The Act in section 8 states the purpose of the Canadian Museum of Civilization Corporation as,
“…to increase, throughout Canada and internationally, interest in, knowledge and critical understanding of and appreciation and respect for human cultural achievements and human behaviour by establishing, maintaining and developing for research and posterity a collection of objects of historical or cultural interest, with special but not exclusive reference to Canada, and by demonstrating those achievements and behaviour, the knowledge derived from them and the understanding they represent.”
The Act also states that CMC shall include the Canadian War Museum.
Roles and Responsibilities
The CMCC’s Board of Trustees serves as its governing body and is accountable to Parliament, through the Minister of Canadian Heritage, for the stewardship of the Museum. The 11 members of the Board, from across Canada, are appointed by the Governor-in-Council on the advice of the Minister of Canadian Heritage. The Board of Trustees of the Corporation provides broad strategic direction and oversight with the assistance of 6 committees: Executive, Audit, Development, Finance, Governance, and the Canadian War Museum Committee.
The Board holds management accountable for the day-to-day administration of the Museums’ performance, long-term viability and the achievement of objectives. It delegates authority for the day-to-day management of the Corporation to the CMCC President and Chief Executive Officer. The President and CEO is supported by an Executive Management team.
Generally, the Board of Trustees assumes its stewardship responsibility, including its responsibility to:
- Appoint the President and CEO of the corporation, with the approval of the Governor in Council, assess the CEO’s performance and make recommendations with respect to compensation;
- Adopt the broad strategic direction that takes into account opportunities and risks of the corporation;
- Approve the annual Corporate Plan and the Annual Report;
- Monitor corporate performance of the Corporate Plan against strategic direction;
- Identify principal risks of the business and ensure that appropriate systems are put in place to manage those risks;
- Make by-laws for the administration, management and control of the property, business, activities and affairs of the Corporation;
- Ensure the integrity of internal control, including the approval of the audit plans of the corporation, and provision of management information;
- Approve contract or donation transactions of $500,000 or more;
- Approve de-accessions from the CMCC’s collections;
- Develop an approach to corporate governance that includes governance principles, and guidelines specific to the CMCC;
- Make recommendations to the Minister of Canadian Heritage and Official Languages regarding appointments to the Board of Trustees; and
- Assess its own performance.
Challenges, Issues and Initiatives
In June 2009, the CMCC’s Board of Trustees approved Strategic Directions to shift priorities and emphasis, promote innovation and broaden the scope of activities.
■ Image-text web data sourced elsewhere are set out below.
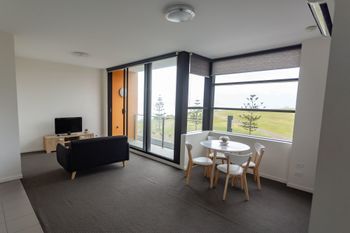 Watt Street 1 BR Apartment W Ocean Views - Accommodation BNB 4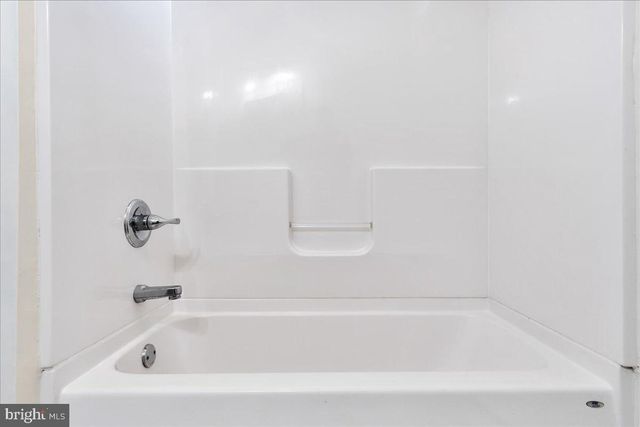 555 HIGHLAND WAY, Hagerstown, MD 21740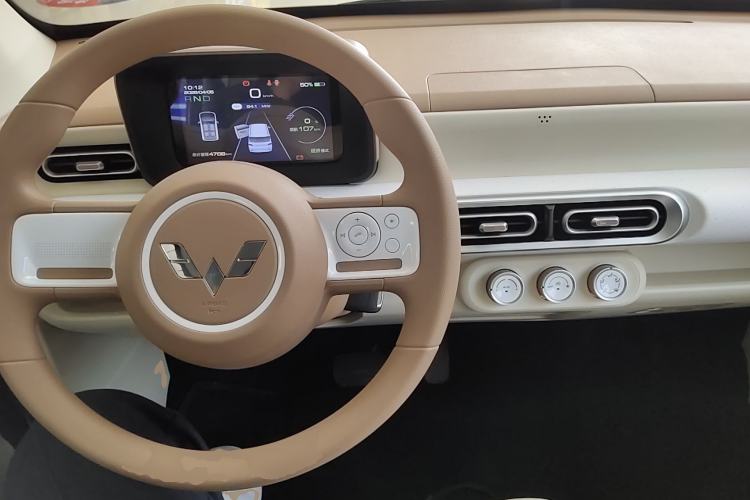 Used Wuling Hongguang MINIEV 2024 3rd Generation 215km Youth Edition Center Console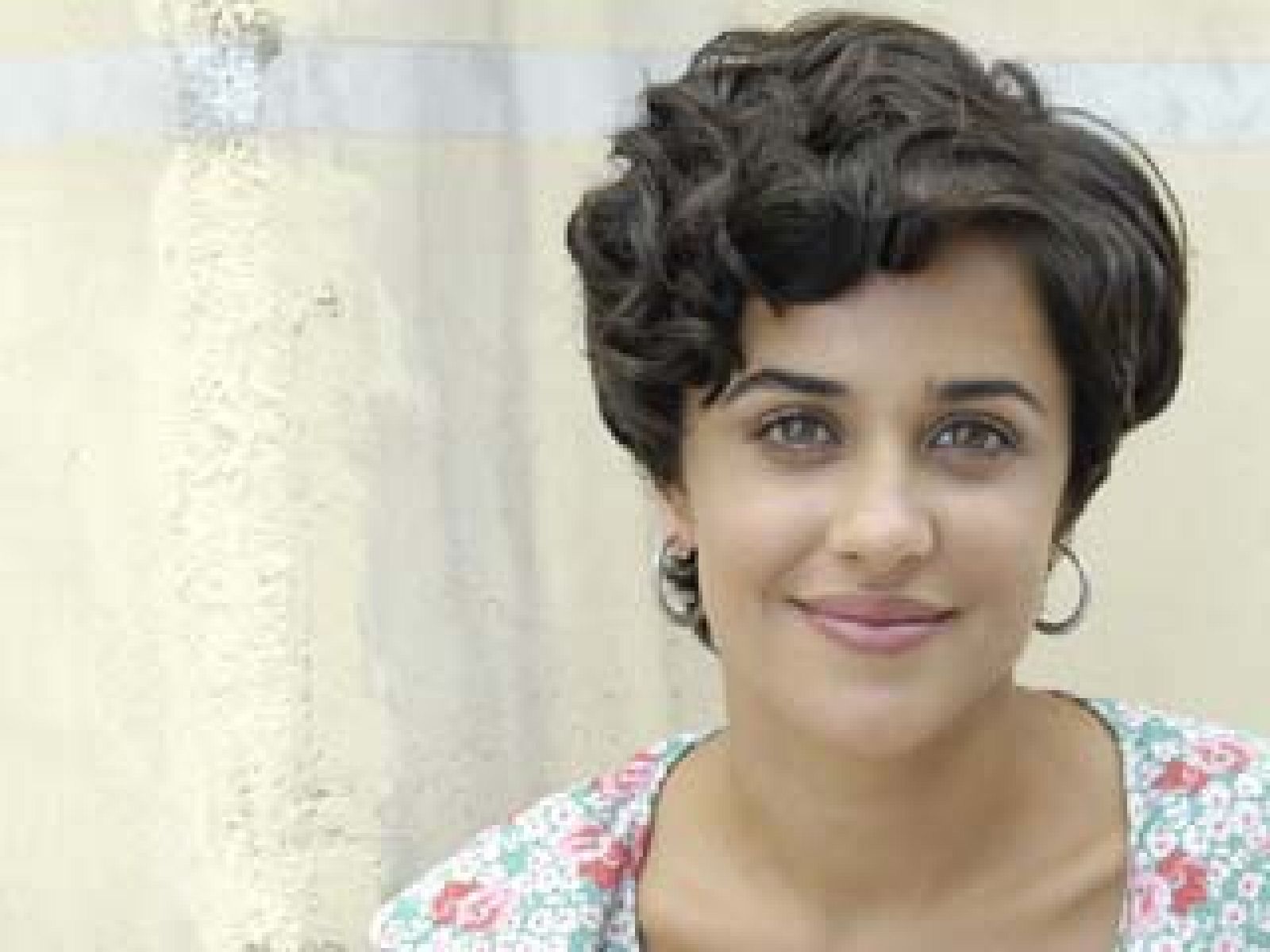 Amar - Macarena García es Consuelo Muñoz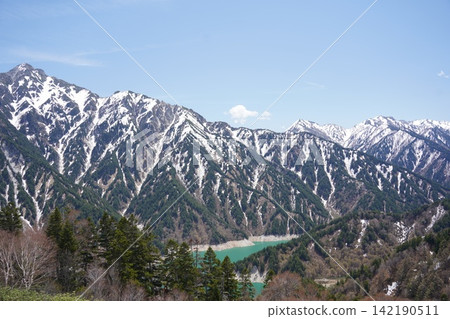Mountain of spring Mountain of spring 142190511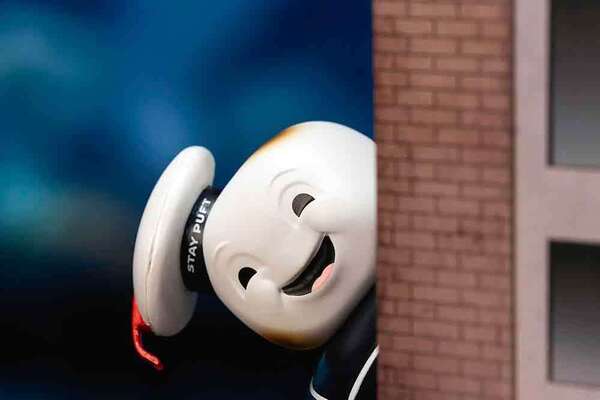 SOS Fantômes - Ghostbusters Ecto-1 Stay Puft diorama Nano Scene JADA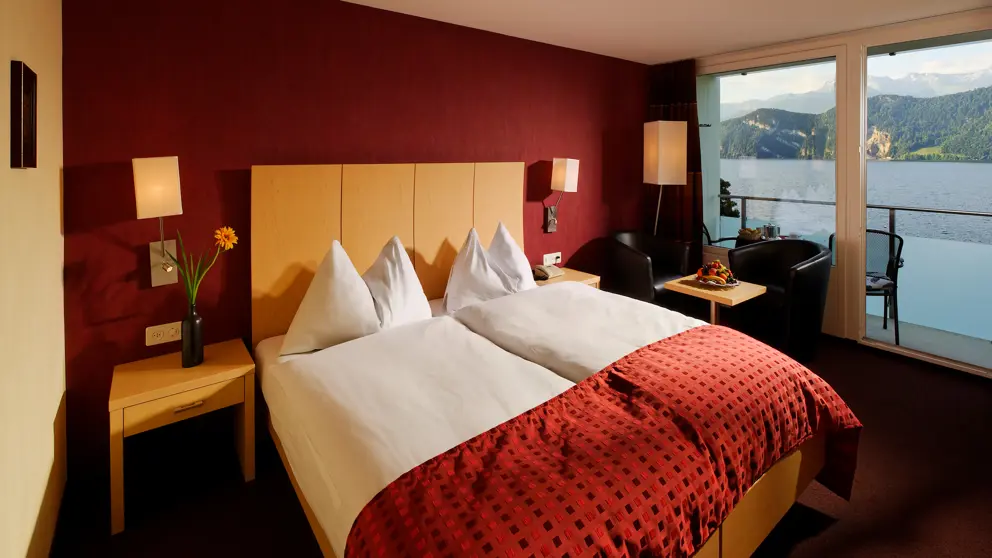 Hotel Alexander Weggis Example Standard Lake View Room [9]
These Directions are:
1. Museological Excellence and Relevance – The CMCC will broaden its national collections and its curatorial research to better reflect and present national narratives, symbols and achievements through the social, cultural, human, military and political history dimensions of Canadian life.
2. Bringing the Museums to Canadians – The CMCC will expand its efforts to become better known, more accessible and increasingly relevant across the country and internationally, through innovative and engaging museum initiatives and outreach programs.
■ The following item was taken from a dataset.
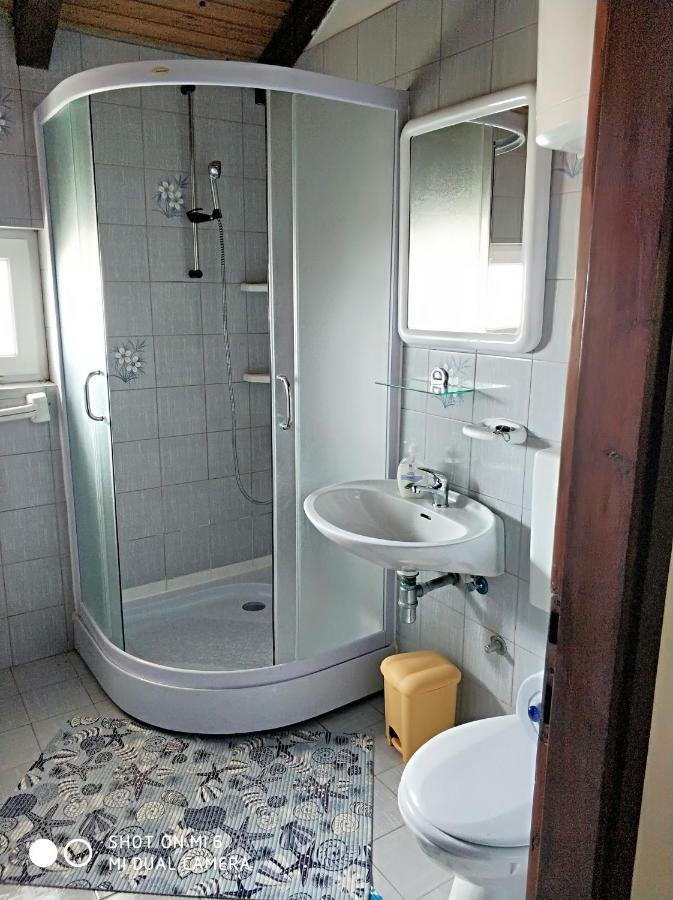 Danica Holiday House Cesarica Bagian luar foto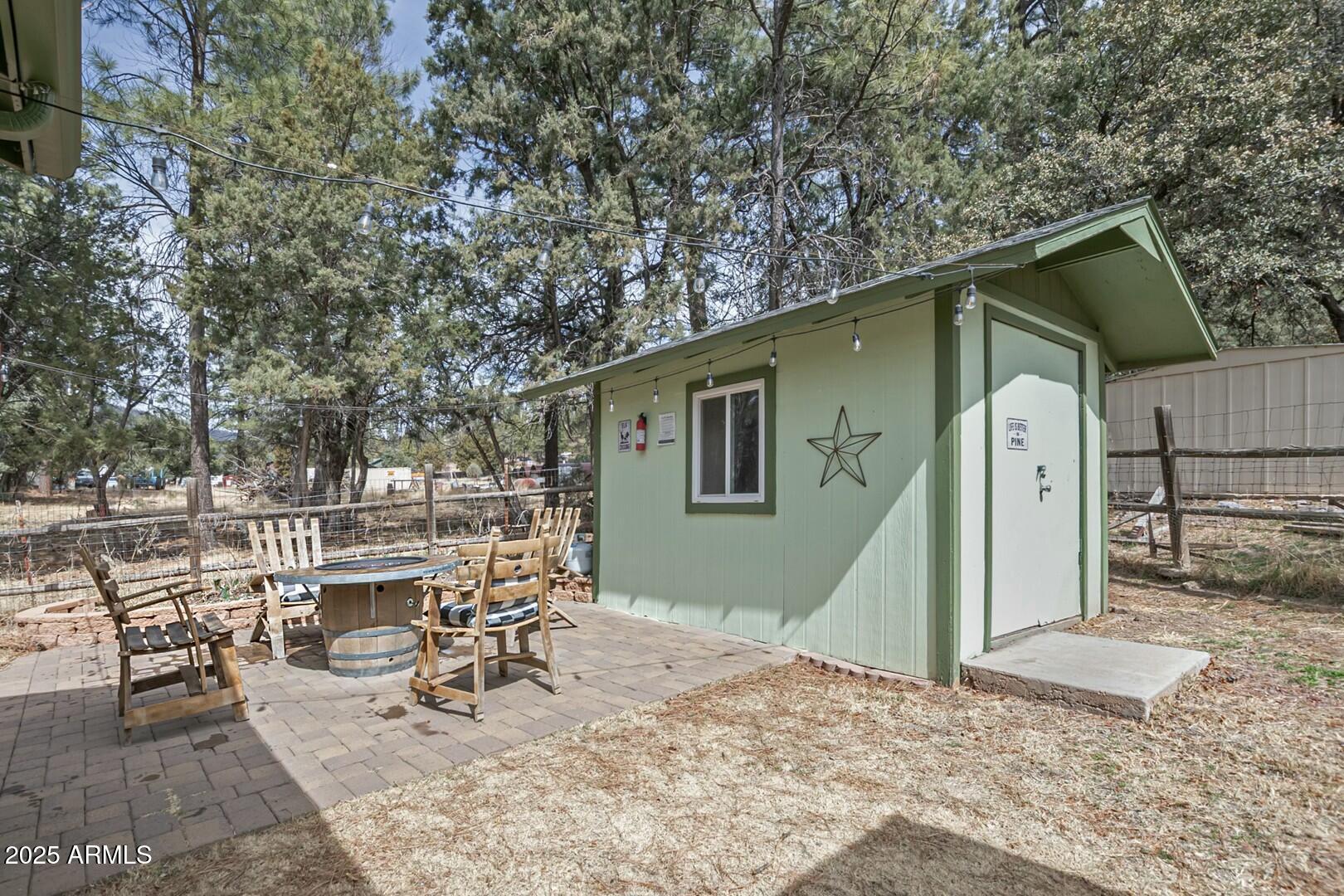 3259 N PINEWOOD Drive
3. Focus on Results – The CMCC will continue its disciplined managerial practices, while also being flexible and responsive to changing conditions. Staff will develop tools and procedures to enable more effective reporting on activities and outcomes.
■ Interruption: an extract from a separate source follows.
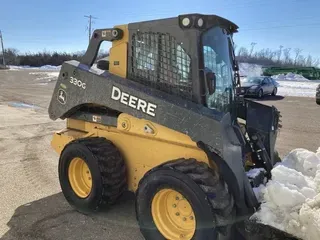 2017 John Deere 330G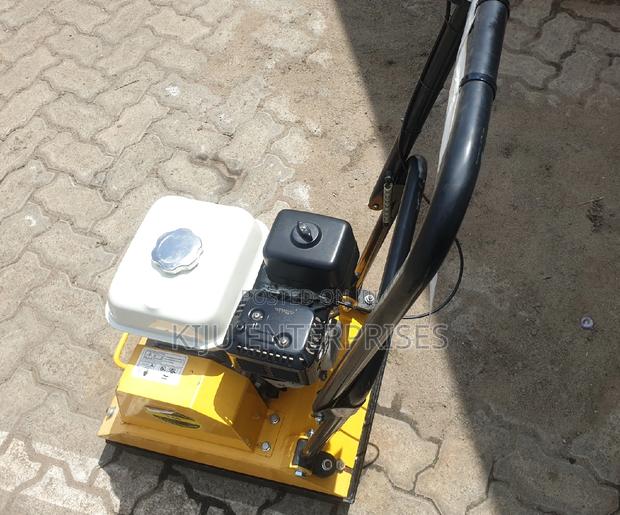 Plate Compactor Machine Honda Engine Available - thumbnail 3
4. Funding and Fundraising – The CMCC will seek to increase its financial resources through a variety of supplementary funding sources, notably business sponsorships, partnerships, philanthropy solicited in all regions of the country, and commercial revenues.
In addition these Strategic Directions, the CMCC faces some significant challenges. Chief among them are the ongoing turmoil in the Canadian and global economies which could seriously diminish revenues and the escalation of non-discretionary costs such as municipal taxes, utilities, and contracted services together with reduced Government funding. Also noteworthy is the pressing need for capital repairs, especially to the ageing CMC building now in its 21st year of operation. The Corporation continues to work with Treasury Board and the Department of Canadian Heritage to seek a long-term solution and take further actions on its own in hopes of addressing these crucial financial challenges.
The Corporation and its Museums' overall goal will be to strive to enhance their value to Canadians while maintaining public confidence in their management of public funds and their stewardship of the national treasures entrusted to their care.
Core Attributes, Competencies and Experience
The following core attributes, competencies and experiences have been identified for Trustees of the Corporation:
Broad knowledge of heritage, cultural or history issues
Some combination of the following:
- involvement professionally in teaching or research
- involvement in local, regional or national activities of a recognized professional caliber
- involvement in issues relevant to the mandate of a national social history museum
- a record of publications or public speaking
Recognized professional accreditation in designated skill sets (e.g., law, accountancy or education), or current employment in relevant profession
If retired, demonstrable on-going connection to previous field of employment
If volunteer, focus on activities as described in next section
3. Informed Judgement and Commitment
Ability to provide thoughtful counsel, to analyze, ask relevant questions at the strategic level, consider different stakeholders’ perspectives, understand situations and challenges
Priority to devote sufficient time to participate in meetings, teleconferences
Ability to envisage relationships between institutions and broader social goals
Ability to assess management performance and relate this to established goals
4. Integrity and Accountability
High ethical standards and integrity
Willingness to act on and remain accountable for board decisions, meeting the accountabilities outlined in the law, by-laws and rules of the board
Seeing oneself as serving the interests of Canadians
5. Impact and Influence
Awareness of the impact of organizational issues, policies and decisions on public interest and concern
Capacity to be sensitive to the differing needs and agendas of multiple stakeholders and to act to convince or influence others in order to have a specific impact or effect
Clear record of high responsibility and initiative or leadership in volunteer activities related to heritage, culture or Canadian identity
7. Financial Literacy
Ability to read and understand financial statements
Specific Skills, Knowledge and Experience
The required skills mix of the Board of Trustees is drawn from the mandate of the CMCC to operate as national museums of social, military and human history. It should provide the professional expertise to strengthen the strategic direction of the CMCC.
A balance of Board experience in the following areas is desirable: communications, fundraising, strategic planning, public policy, government relations, legal practice, accounting and administration. Professional areas should include: links with professional associations, experience in public and private sectors, representation from a specific discipline.
Candidates should include:
- an historian
- an educator / teacher / academic
- a representative of First Peoples
- an accountant
- a lawyer
- a person with military or Armed Forces’ background
- a person with business experience
- a person with knowledge of Communications
- a person with experience in major Canadian cultural activity
- a person with audit experience
- a person with fundraising experience
The Board should be representative of Canada’s regions, linguistic duality, cultural diversity and genders.
The Board meets three times per year in Ottawa/Gatineau, and one additional time in another Canadian city determined on an annual basis. Members are expected to attend each Board meeting and to be available for conference calls when required. The average annual time commitment is two weeks.
Board meetings are conducted in both Official Languages according to the preference of the person speaking.
Trustees are entitled to be remunerated at rates which are set by the Governor-in-Council. This remuneration consists of a per diem amount and an annual retainer. Trustees are entitled to be reimbursed reasonable travel and living expenses consistent with the guidelines established by the Board, incurred in connection with attendance at a meeting of the Board or of a committee or while on the business of the Museum.